### [Exercise instructions]
The reply to the records below should contain exactly the lines from the line with "Rixos Krasnaya Polyana Sochi高级房（2张单人床）" through the line with "Planeaciones de 3° Grado de Primaria ANUAL 2022-2023", and nothing besides.

== Records for this task ==

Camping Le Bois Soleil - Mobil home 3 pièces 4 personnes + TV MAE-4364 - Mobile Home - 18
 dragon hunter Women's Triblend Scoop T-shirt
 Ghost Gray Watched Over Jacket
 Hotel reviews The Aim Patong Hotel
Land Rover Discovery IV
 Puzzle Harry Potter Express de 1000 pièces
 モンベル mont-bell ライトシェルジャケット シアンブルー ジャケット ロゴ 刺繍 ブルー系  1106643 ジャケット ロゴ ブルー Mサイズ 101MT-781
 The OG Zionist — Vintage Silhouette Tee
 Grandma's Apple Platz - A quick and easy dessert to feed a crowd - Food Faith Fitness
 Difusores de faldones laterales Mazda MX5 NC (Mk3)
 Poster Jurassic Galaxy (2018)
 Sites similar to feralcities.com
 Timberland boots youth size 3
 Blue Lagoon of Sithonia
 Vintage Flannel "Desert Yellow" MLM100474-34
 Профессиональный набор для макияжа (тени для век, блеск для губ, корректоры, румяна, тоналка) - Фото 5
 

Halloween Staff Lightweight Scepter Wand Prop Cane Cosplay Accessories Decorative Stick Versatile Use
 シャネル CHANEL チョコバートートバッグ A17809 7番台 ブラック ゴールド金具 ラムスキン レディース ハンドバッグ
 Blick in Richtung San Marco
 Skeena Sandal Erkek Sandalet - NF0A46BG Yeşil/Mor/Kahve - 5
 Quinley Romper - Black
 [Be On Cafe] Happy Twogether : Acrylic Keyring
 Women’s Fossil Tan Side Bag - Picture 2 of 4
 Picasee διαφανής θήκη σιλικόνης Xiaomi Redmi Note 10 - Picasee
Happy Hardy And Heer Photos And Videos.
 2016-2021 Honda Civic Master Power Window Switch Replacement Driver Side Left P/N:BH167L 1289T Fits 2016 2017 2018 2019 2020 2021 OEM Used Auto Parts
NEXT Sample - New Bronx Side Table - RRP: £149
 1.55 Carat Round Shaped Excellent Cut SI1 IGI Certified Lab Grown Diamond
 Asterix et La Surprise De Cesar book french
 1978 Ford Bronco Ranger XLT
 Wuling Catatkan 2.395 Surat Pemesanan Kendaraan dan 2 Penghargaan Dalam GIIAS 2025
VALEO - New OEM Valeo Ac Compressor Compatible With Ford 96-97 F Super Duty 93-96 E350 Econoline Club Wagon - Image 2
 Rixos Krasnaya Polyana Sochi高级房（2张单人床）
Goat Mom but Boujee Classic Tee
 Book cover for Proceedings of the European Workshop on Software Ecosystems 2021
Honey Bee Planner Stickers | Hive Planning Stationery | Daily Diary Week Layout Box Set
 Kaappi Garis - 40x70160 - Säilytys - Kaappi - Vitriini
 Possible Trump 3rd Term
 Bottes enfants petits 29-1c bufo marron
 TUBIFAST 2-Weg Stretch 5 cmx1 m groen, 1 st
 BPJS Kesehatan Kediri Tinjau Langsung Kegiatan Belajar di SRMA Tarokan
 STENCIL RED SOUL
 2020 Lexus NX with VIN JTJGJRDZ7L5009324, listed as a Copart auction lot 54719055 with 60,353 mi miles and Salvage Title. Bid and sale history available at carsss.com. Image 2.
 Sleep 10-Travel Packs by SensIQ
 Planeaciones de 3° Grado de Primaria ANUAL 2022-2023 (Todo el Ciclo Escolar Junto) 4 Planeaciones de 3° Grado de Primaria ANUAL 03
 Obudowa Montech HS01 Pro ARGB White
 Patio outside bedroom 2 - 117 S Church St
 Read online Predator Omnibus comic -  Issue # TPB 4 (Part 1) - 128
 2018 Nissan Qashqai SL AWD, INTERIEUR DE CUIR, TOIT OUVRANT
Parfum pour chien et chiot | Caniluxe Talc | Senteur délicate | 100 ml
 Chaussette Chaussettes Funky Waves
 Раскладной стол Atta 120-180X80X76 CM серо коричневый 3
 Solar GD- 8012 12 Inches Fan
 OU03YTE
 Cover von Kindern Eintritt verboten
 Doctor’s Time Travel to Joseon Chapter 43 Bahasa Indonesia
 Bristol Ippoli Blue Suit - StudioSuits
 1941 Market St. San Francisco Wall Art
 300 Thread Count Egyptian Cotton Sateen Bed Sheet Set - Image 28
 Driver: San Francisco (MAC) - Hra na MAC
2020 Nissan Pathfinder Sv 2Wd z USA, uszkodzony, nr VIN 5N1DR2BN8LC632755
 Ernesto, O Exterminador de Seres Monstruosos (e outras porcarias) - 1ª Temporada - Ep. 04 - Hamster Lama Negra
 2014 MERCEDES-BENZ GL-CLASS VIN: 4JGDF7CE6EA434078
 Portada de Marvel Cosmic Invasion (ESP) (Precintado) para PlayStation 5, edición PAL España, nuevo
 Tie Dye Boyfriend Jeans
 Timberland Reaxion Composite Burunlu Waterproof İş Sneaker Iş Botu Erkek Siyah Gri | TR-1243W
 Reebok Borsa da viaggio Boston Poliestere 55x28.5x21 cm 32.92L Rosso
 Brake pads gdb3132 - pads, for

===

### [Answer space]
 Rixos Krasnaya Polyana Sochi高级房（2张单人床）
Goat Mom but Boujee Classic Tee
 Book cover for Proceedings of the European Workshop on Software Ecosystems 2021
Honey Bee Planner Stickers | Hive Planning Stationery | Daily Diary Week Layout Box Set
 Kaappi Garis - 40x70160 - Säilytys - Kaappi - Vitriini
 Possible Trump 3rd Term
 Bottes enfants petits 29-1c bufo marron
 TUBIFAST 2-Weg Stretch 5 cmx1 m groen, 1 st
 BPJS Kesehatan Kediri Tinjau Langsung Kegiatan Belajar di SRMA Tarokan
 STENCIL RED SOUL
 2020 Lexus NX with VIN JTJGJRDZ7L5009324, listed as a Copart auction lot 54719055 with 60,353 mi miles and Salvage Title. Bid and sale history available at carsss.com. Image 2.
 Sleep 10-Travel Packs by SensIQ
 Planeaciones de 3° Grado de Primaria ANUAL 2022-2023 (Todo el Ciclo Escolar Junto) 4 Planeaciones de 3° Grado de Primaria ANUAL 03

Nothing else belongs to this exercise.